[Exercise description]
Reproduce, exactly and in full, the lines from the one with "Portrait of smiling" through the one with "Jan 11, 2026;" in the data below; drop pictures.

[Study material]

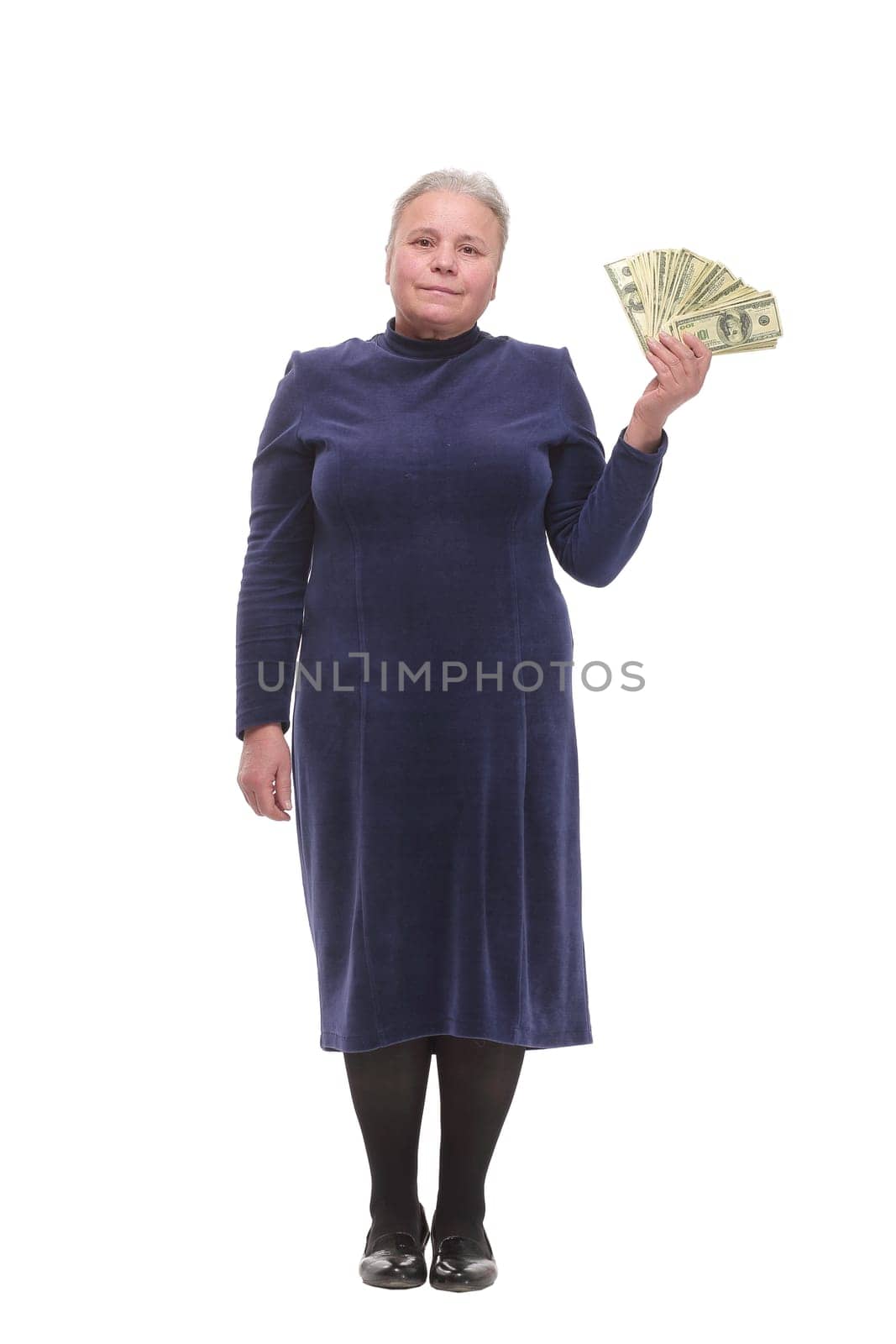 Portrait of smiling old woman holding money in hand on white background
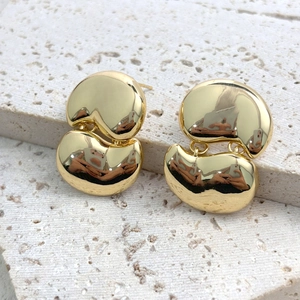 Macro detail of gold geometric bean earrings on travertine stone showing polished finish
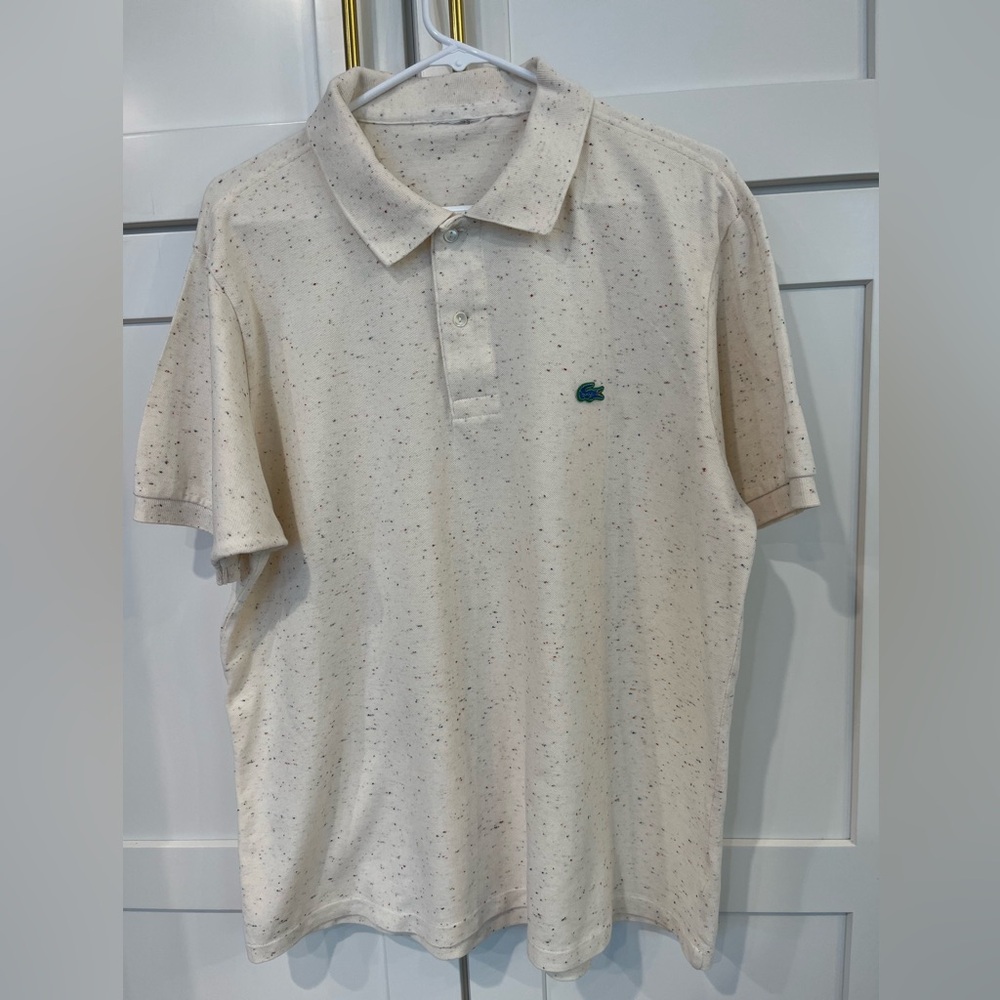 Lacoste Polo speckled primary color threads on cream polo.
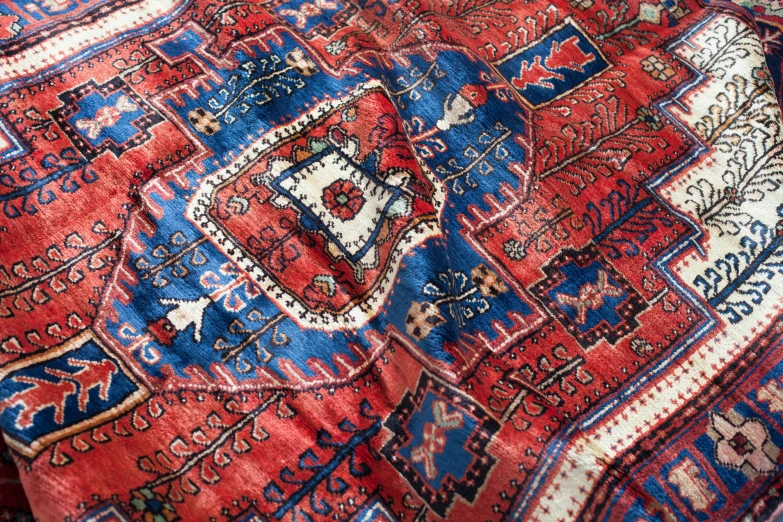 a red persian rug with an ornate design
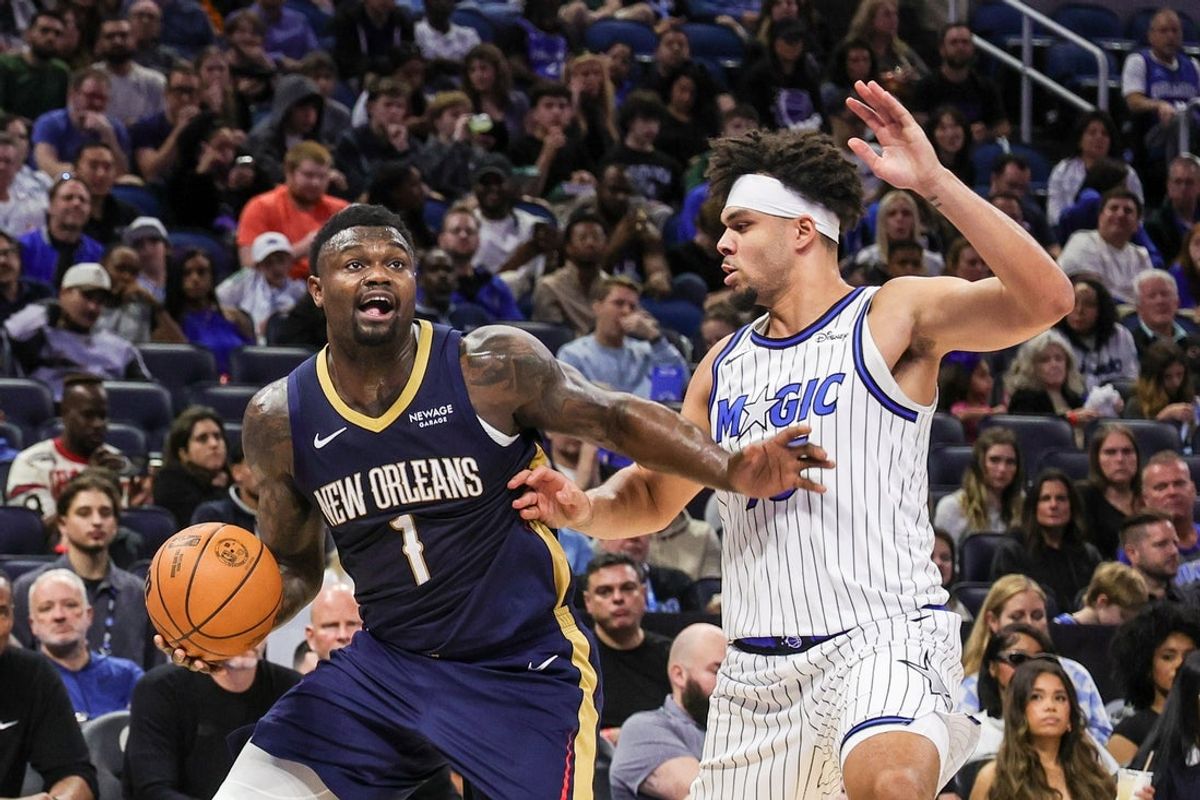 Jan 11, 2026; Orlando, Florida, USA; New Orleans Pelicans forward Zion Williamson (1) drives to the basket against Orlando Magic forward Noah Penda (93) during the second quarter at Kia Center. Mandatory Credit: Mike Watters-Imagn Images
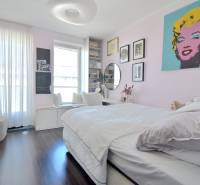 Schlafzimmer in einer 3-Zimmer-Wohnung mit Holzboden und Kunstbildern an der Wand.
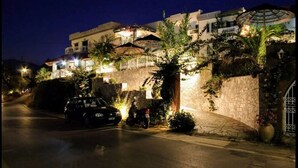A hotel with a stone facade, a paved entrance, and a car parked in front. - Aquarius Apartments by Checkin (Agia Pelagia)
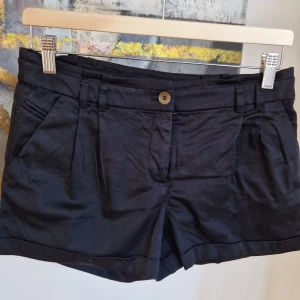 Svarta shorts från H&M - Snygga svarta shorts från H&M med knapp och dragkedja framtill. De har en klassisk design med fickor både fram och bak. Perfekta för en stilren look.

---

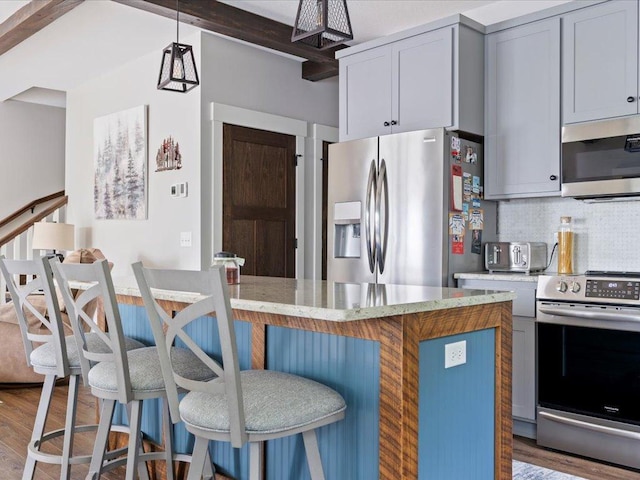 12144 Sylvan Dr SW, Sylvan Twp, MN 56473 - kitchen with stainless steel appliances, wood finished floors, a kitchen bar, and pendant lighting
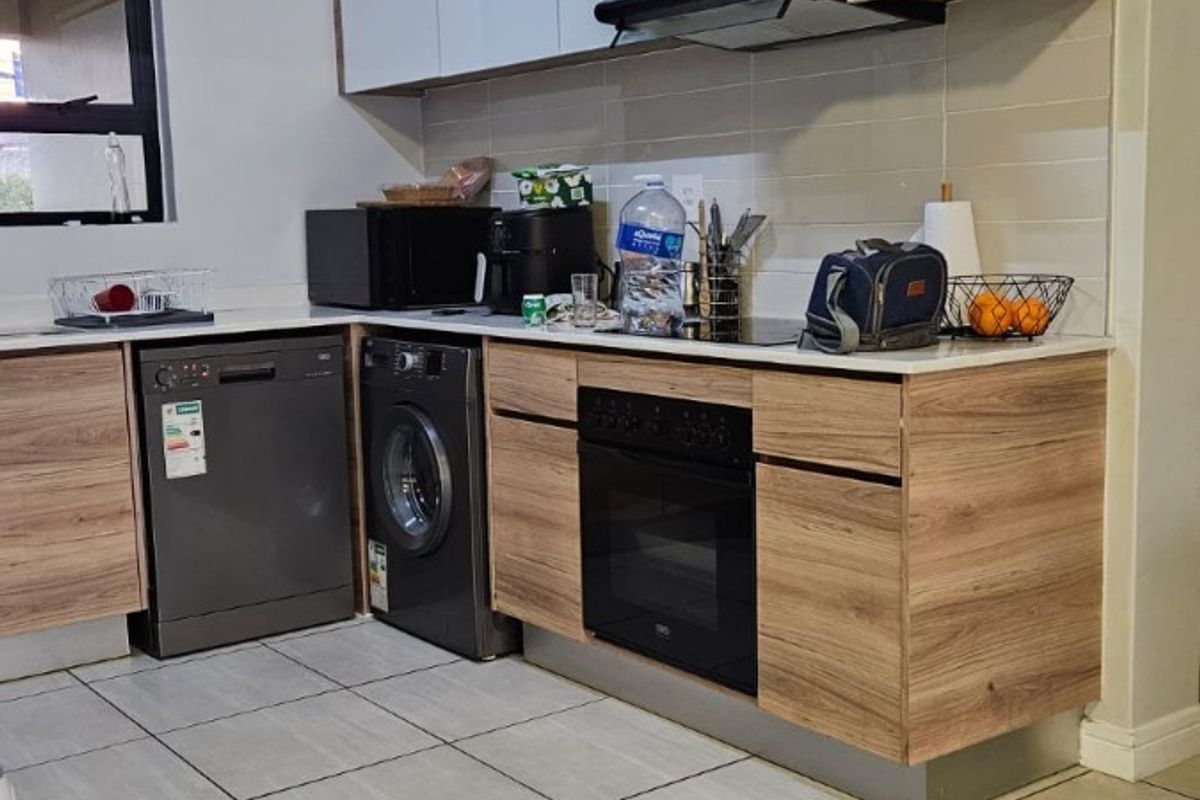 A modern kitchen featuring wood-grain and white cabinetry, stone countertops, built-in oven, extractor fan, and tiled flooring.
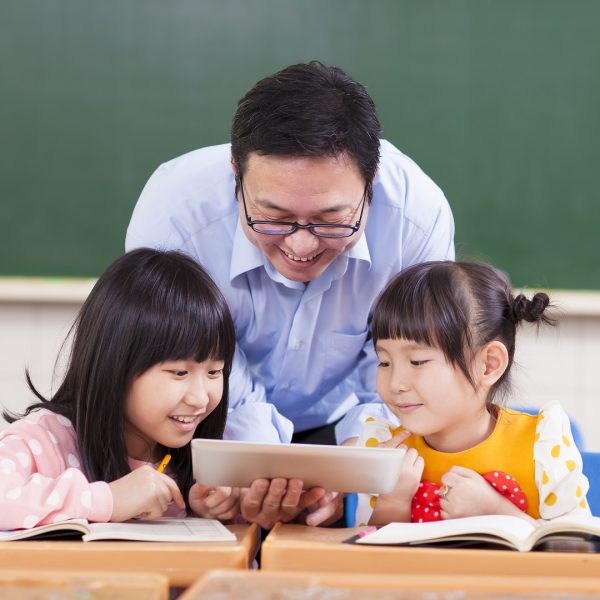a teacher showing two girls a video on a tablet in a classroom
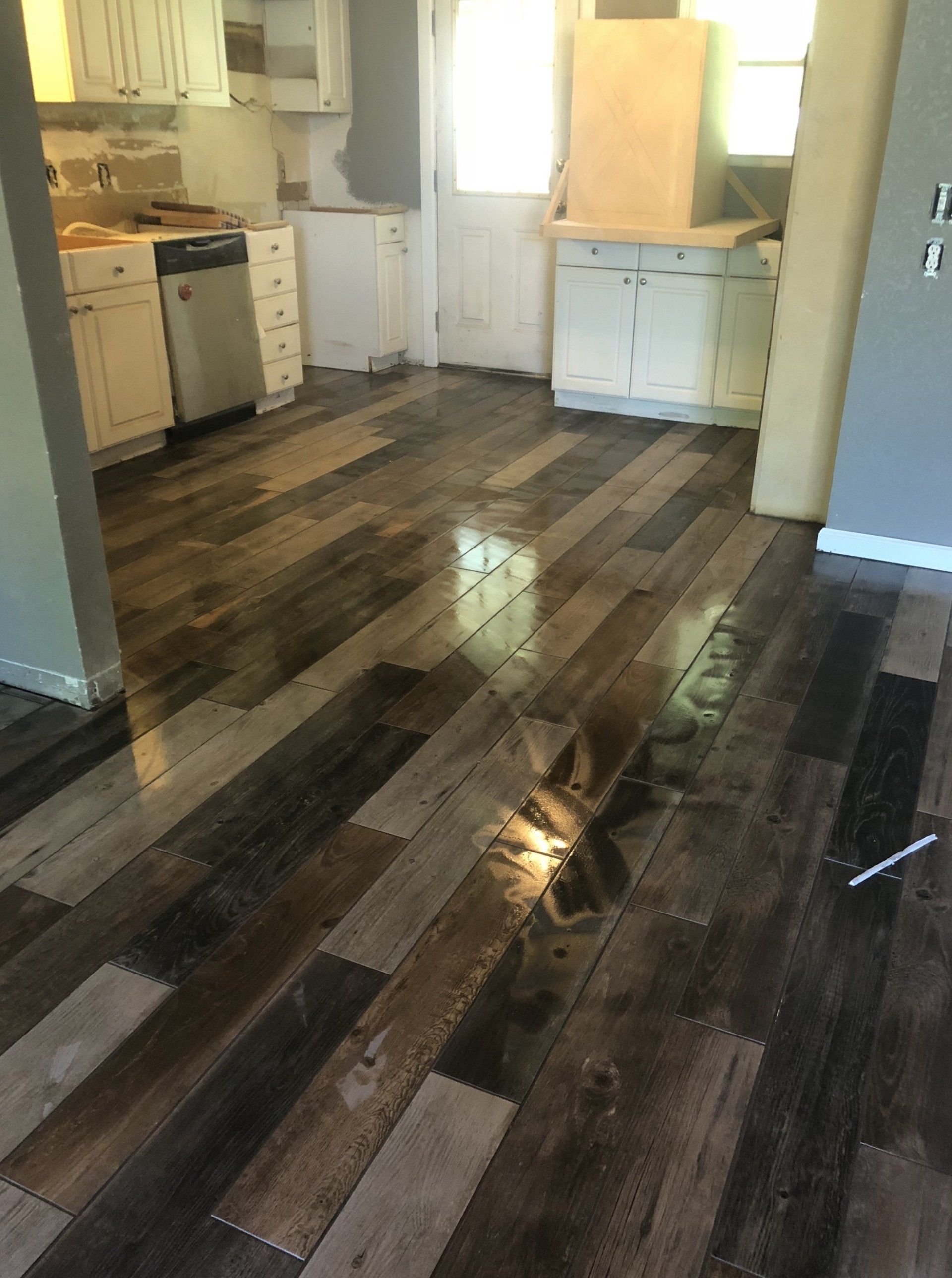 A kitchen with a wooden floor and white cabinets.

...

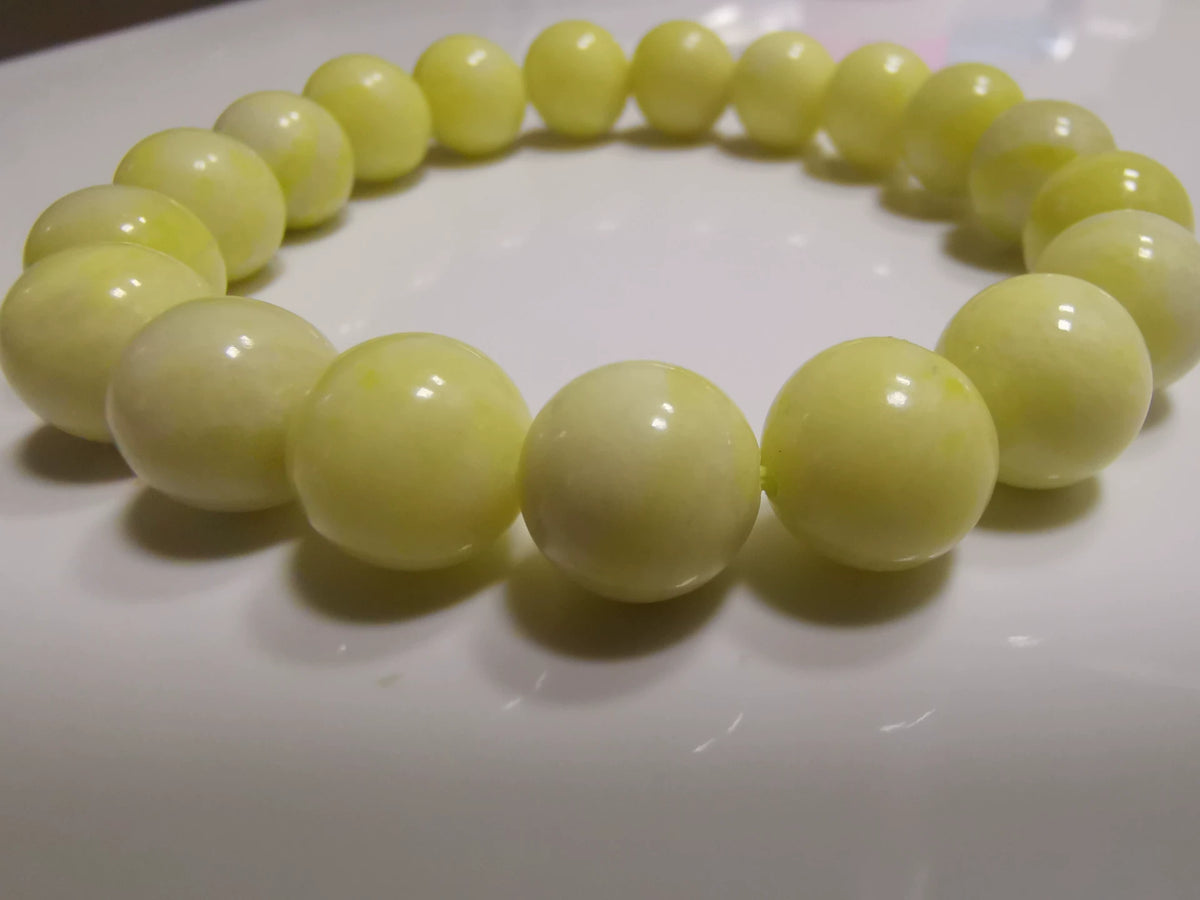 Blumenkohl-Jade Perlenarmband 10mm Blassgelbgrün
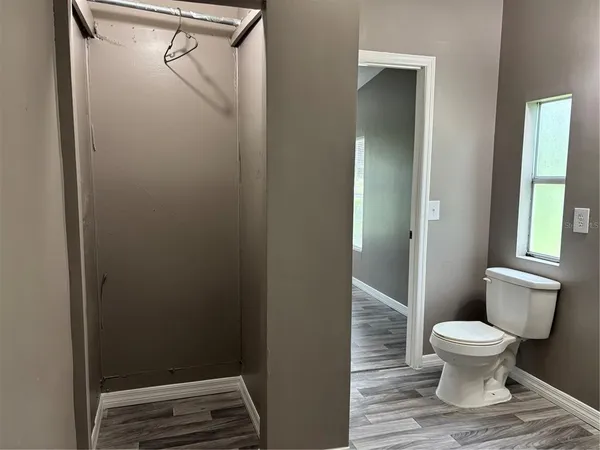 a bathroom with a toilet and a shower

[Result below]
 Portrait of smiling old woman holding money in hand on white background
 Macro detail of gold geometric bean earrings on travertine stone showing polished finish
 Lacoste Polo speckled primary color threads on cream polo.
 a red persian rug with an ornate design
 Jan 11, 2026; Orlando, Florida, USA; New Orleans Pelicans forward Zion Williamson (1) drives to the basket against Orlando Magic forward Noah Penda (93) during the second quarter at Kia Center. Mandatory Credit: Mike Watters-Imagn Images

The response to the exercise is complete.